Everyone feels the stress of a high-growth startup, especially the marketing department, who works to gain new customers quickly and effectively, while building brand authority, voice and impressions. As such, leadership is necessary—learn why and how.
Create Structure
It’s the job of leadership to: Structure the team so the workload is dispersed appropriately. Startups have a reputation for requiring employees to wear multiple hats—and yours probably can, and already do—but put too much load on one or a few people, and you risk losing them.
A fast-growth company can quickly become challenging to manage as hiring increases and the business has to handle an influx of new clients and adapt new processes.
As such, leadership is important in creating and maintaining structure so the work load doesn’t fall on too few people: “… You have to find a way to deal with added complexity that acknowledges and incorporates human limits,” according to How to Manage Your Startup’s Fast Growth.
In marketing, this structure becomes even more important. As a diverse team of people, including those in paid advertising, organic advertising, content and editorial, social media, internal communications, and PR, there are already many tasks being shared. Structure ensures work falls on the right people.
Manage Finances
It’s the job of leadership to: Manage spending as it increases, ensuring that the extra money spent is yielding positive ROI. If not, head back to the drawing board to figure out what’s wrong and where you can pivot.
Knowing your numbers is critical, whether you’re the CEO, CFO or marketing manager: “You must know your numbers inside and out. Integrating the financial performance and metrics of your business into everything you do is a must! If you don’t know how to do that, hire someone who does and learn,” says Ted Rollins, global entrepreneur.
As a leader in the marketing department, you’re managing a variety of budgets. As the business grows, increases in spending might include new employees, more paid advertising to target new audiences, or even acquiring email lists to reach more customers.
While everyone may track and maintain spending in their departments, it’s your job to track the changes, calculate how they fit into the growth of the company, and decide whether or not that extra money is being spent well.

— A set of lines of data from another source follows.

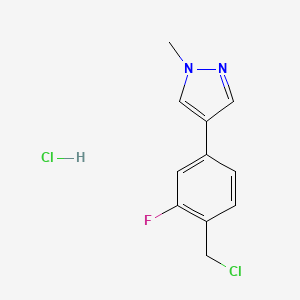molecular formula C11H11Cl2FN2 B13133980 4-(4-(Chloromethyl)-3-fluorophenyl)-1-methyl-1H-pyrazole hydrochloride 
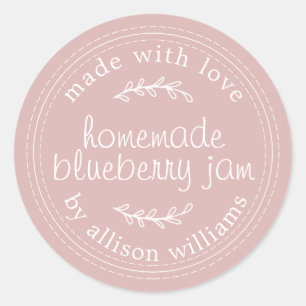 Sticker Rond Confiture de myrtille maison rustique dans un pot 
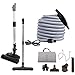 OVO Heavy Duty Powerful Central Vacuum System, Hybrid Filtration (with or Without Disposable Bags) 35L or 9.25Gal, 700 Air watts with 30 ft Carpet Deluxe Accessory Kit, Large Vac, Silver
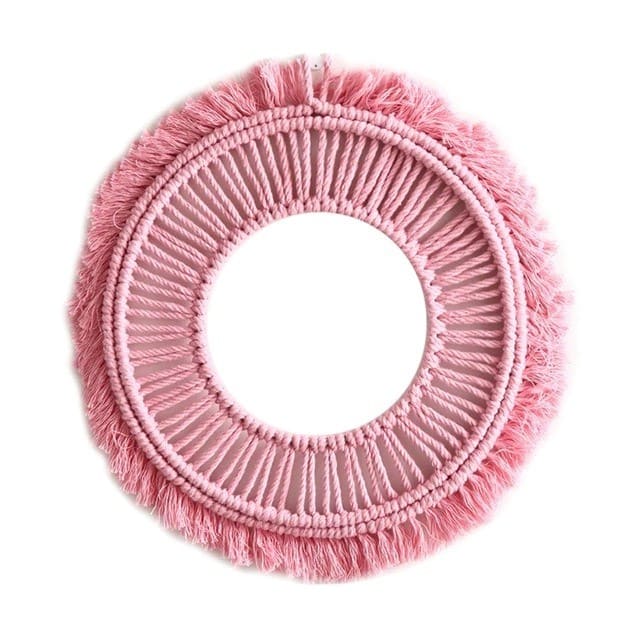 Miroir macramé rose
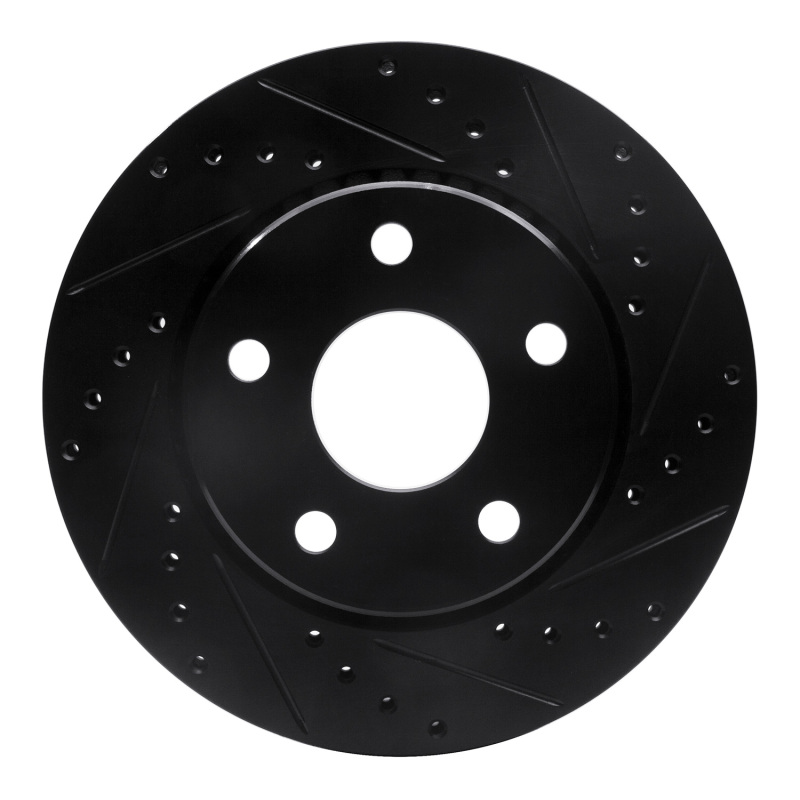 Jeep Wrangler Brake Rotor (1) - Front Right - R1 Concepts - Drilled & Slotted - Black - `07-`18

Balance Innovation and Risk
It’s the job of leadership to: Put metrics in place for testing and tracking new ideas. Data never lies and will paint a clear picture of how your innovation is paying off—did you drive more leads using this method than others? Was it more cost effective? Did it come at the cost of more labor? Leadership assesses this information and manages the team and ideas accordingly.
Leadership is critical in finding a balance between innovation and risk. In a fast-growth startup, innovation is happening all around you—whether or not the ideas that come from it are valuable to the business is up to you.
Developing a culture of testing and tracking is the best way to balance innovation and risk. You can keep close tabs on new marketing initiatives and then use this data to determine if a new idea is worth testing or not.
Stay Agile
It’s the job of leadership to: Identify new marketing opportunities that can be tested quickly and effectively. Be open to trying new ideas—they may or may not work, but being agile and flexible in trying them is what’s most important.
Things move quickly in any startup, much less one that’s growing faster than normal. As such, it’s critical that leaders are agile, with an ear dialed into the industry. What are you competitors doing that’s successful? How can you replicate that within your organization?
Improve Inefficiencies
It’s the job of leadership to: Identify inefficiencies in your team and present options for eliminating or reducing them. For example, if employees have to walk to the second floor to print, get a printer for the floor you’re on, eliminating the 5 to 10 minutes it takes for the round trip.
In a fast-growing startup, there’s no room for inefficiencies. Yet every organization has them. For example, one of the most common reasons for business inefficiency is a lack of time management in meetings. It’s hard to avoid meetings in the marketing department, which allow all sub-teams to connect and work together.
To improve efficiencies, come with a plan: “Meetings should have a purpose; an agenda guides that purpose. Set goals for your meeting, accomplish them and call the meeting to an end so that people can get back to work,” according to experts at The Office Club. Anyone hosting a meeting should be required to write an outline, including: Reason for the meeting, goal, topics of discussion, exercises to be done and wrap-up.
That’s just one inefficiency of many—ask employees what other time-sucks they see or experience and then create a plan to take care of each one as quickly as possible.
In a fast-growth startup, the job of leadership is important, especially for the marketing department. Remember your role in managing innovation, improving inefficiencies, and staying agile to keep your team productive and effective.